Figure 2

RTIs can be effectively removed from virus preparations. Env^(-) VSV-G pseudotyped WT HIV-1 expressed from 293T cells transfected in the absence (black), or presence of 1.0 mM PMPA (blue) or 50 μM NVP (red), is assayed for limiting-dilution infectivity on TZM-bl cells (panels A, B and D). The numbers on the X-axes (panels A and B) represent the dilution series, each step being a 3-fold serial dilution starting with 0.1 mL of undiluted infectious supernatant (Dilution 1). For each drug treatment, RTIs were added either immediately before transfection, 24, or 48 h after transfection as indicated in the legend at the right of panel A. Blue colony forming units (BCFU) were tallied 48 h after the infectivity experiments were started [41]. Panel A shows the titer of infectious supernatants assayed without PEG precipitation of virus. Panel B shows the titer of infectious supernatants after PEG precipitation to remove RTIs from the virus stock (see legend from panel A). Panel C shows the yield of WT virus from each transfection condition (with or without drugs) measured using either qRT-PCR (quantifying gRNA per mL, green) or exogenous-template RT assays (measuring RT activity in counts per minute of [³²P]-TMP incorporated per mL [CPM per mL], purple).

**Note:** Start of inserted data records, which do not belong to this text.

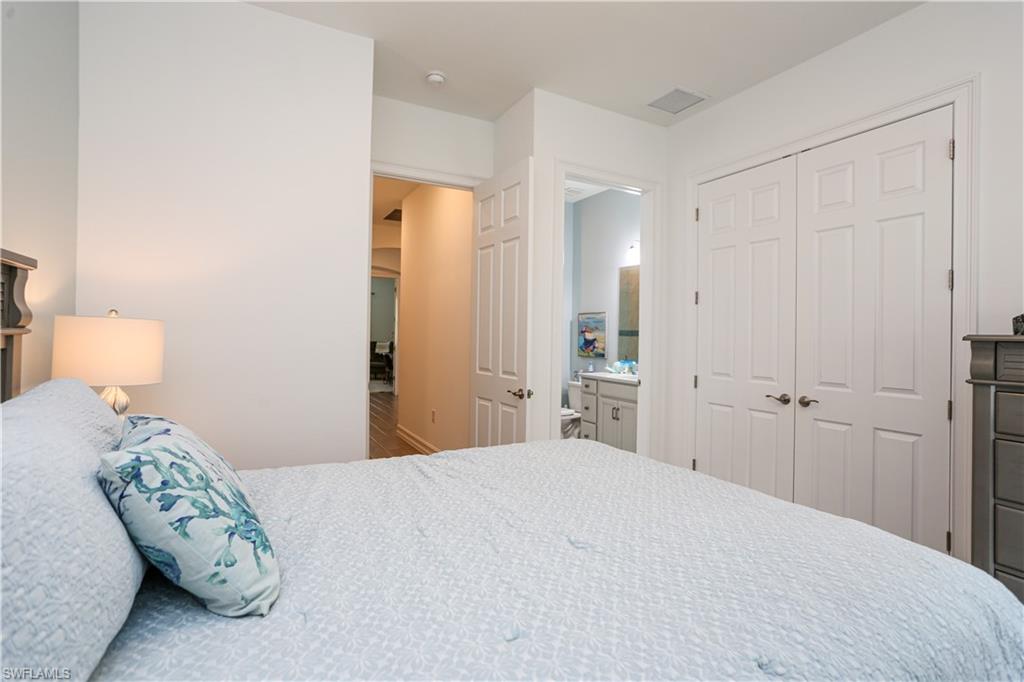 14656 Kelson Circle Naples, FL 34114 - Photo 29 of 50 a bedroom with a bed and a lamp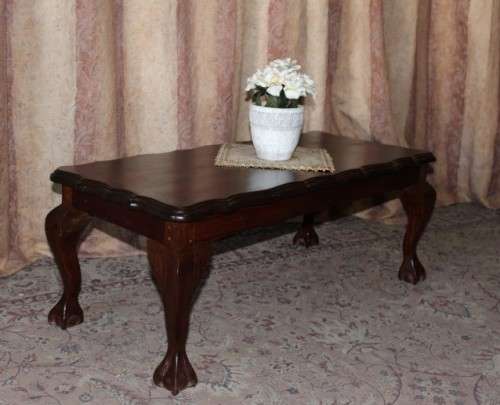 A lovely vintage scalloped edge solid Imbuia wood ball and claw coffee/ side table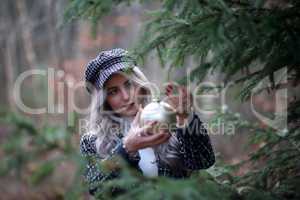 Girl hangs a beautiful Christmas ball on a fir tree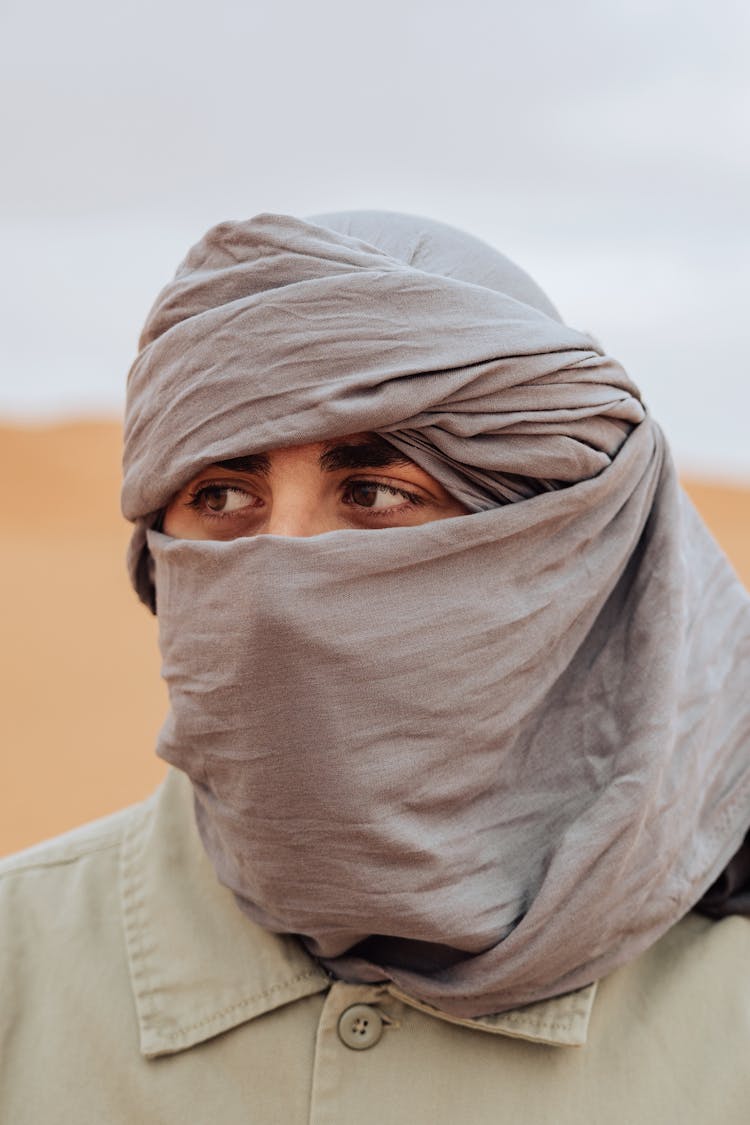 A Man Wearing A Desert Scarf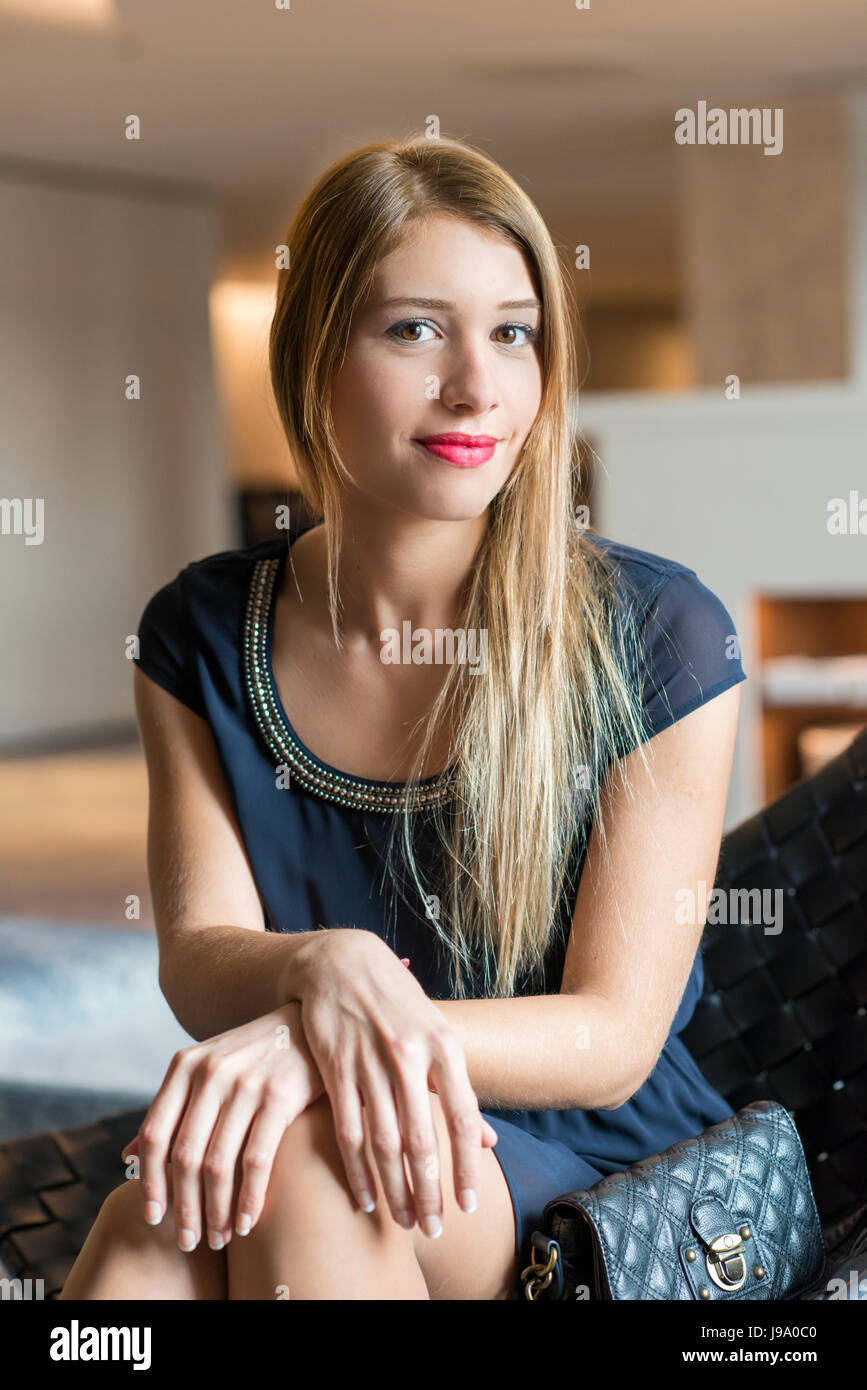 Beautiful young lady in her twenties, posing in fashion style. Stock Photo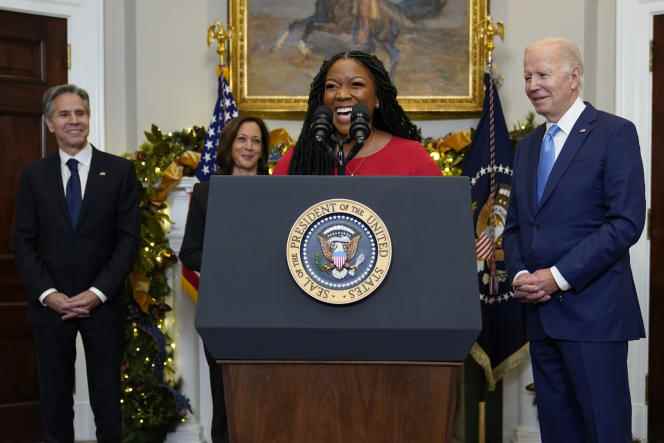 The basketball player's wife, Cherelle Griner, stands with US President Joe Biden at the December 8 prisoner swap announcement at the White House in Washington.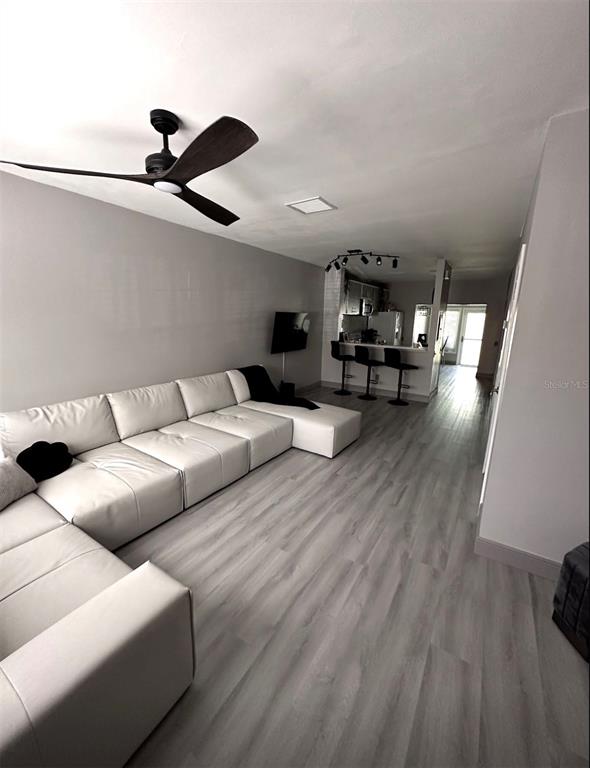 A living room with a white sectional sofa, wood-look flooring, and an open kitchen area — 6210 BAYSIDE KEY DRIVE, TAMPA, FL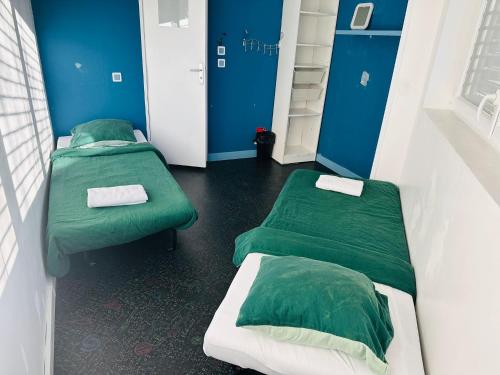 deux lits dans une chambre aux murs bleus dans l'établissement Maison de vacances aux portes de Paris, aux Lilas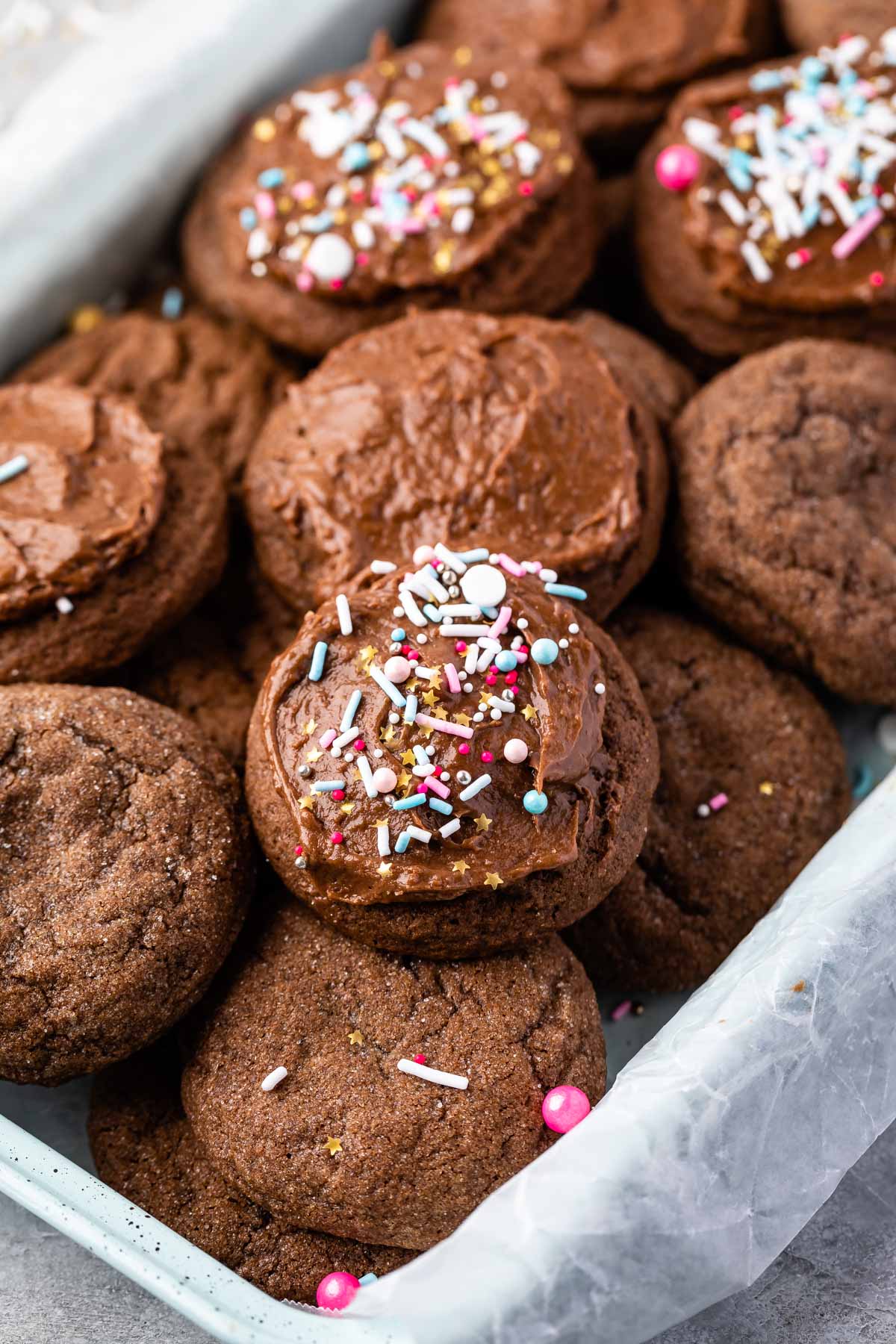 multiple chocolate cookies in a pan with some frosted with sprinkles on top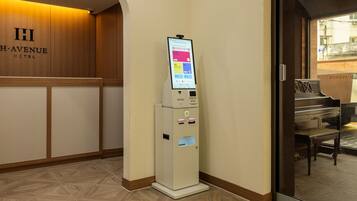 A hotel reception area with a digital kiosk, a piano, and a wooden wall with the hotel name.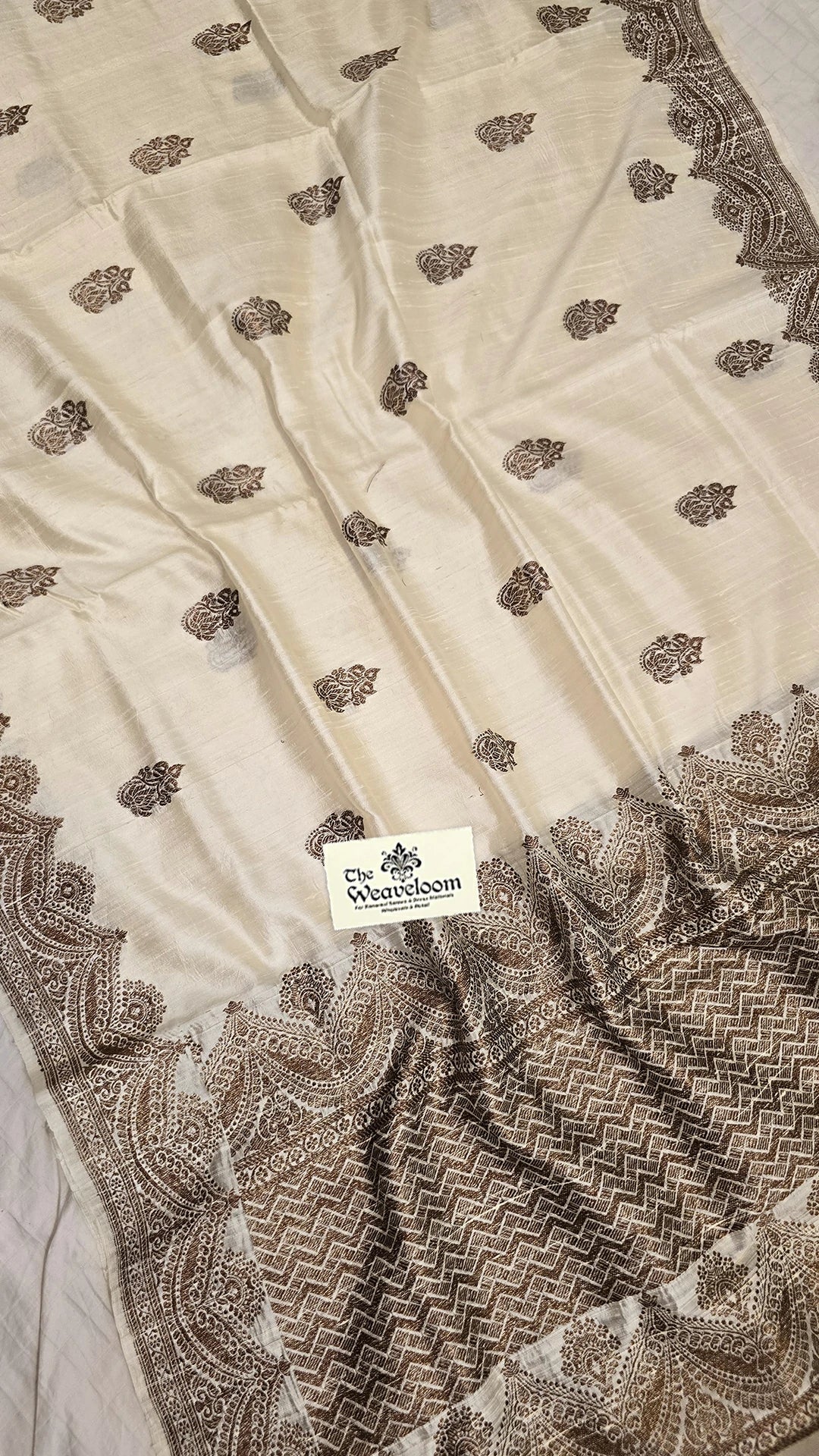 Cream raw silk pure handloom Banarasi saree with antique zari border and buti pattern by The Weaveloom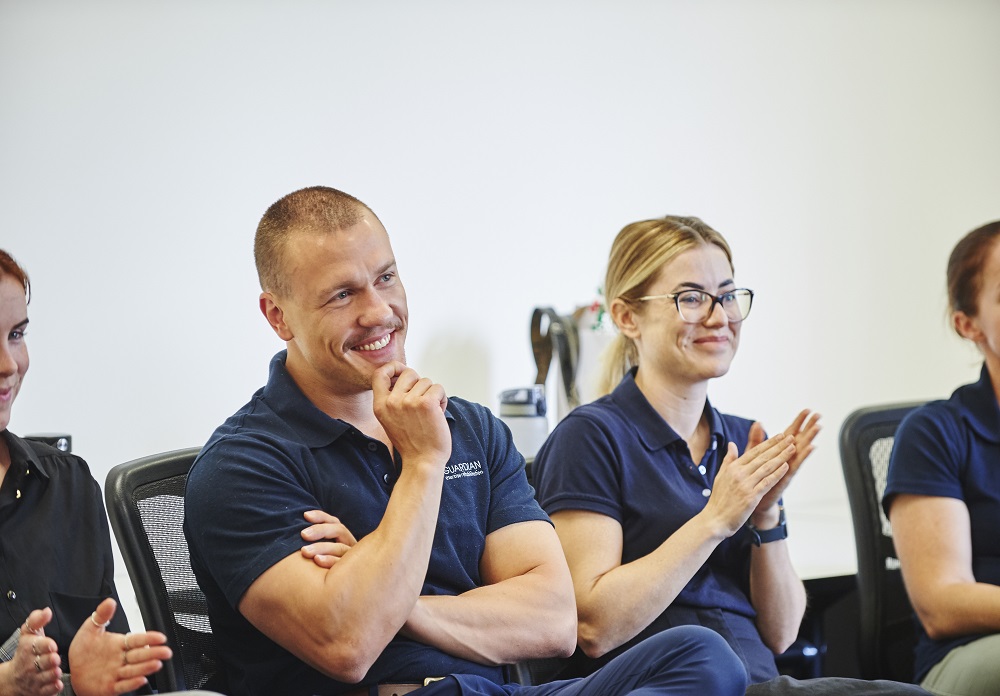 A diverse group of individuals seated in a room, hands clasped, engaged in a discussion about careers at Guardian Exercise Rehabilitation.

Panel D shows the titer of the PEG-precipitated WT virus, with the treatments (indicated at the bottom) normalized for the gRNA present in the starting supernatant (i.e., corrected for dilution). Values are expressed as normalized blue cell forming units (BCFU) and represent the averages from at least three dilutions (error bars indicate standard deviations).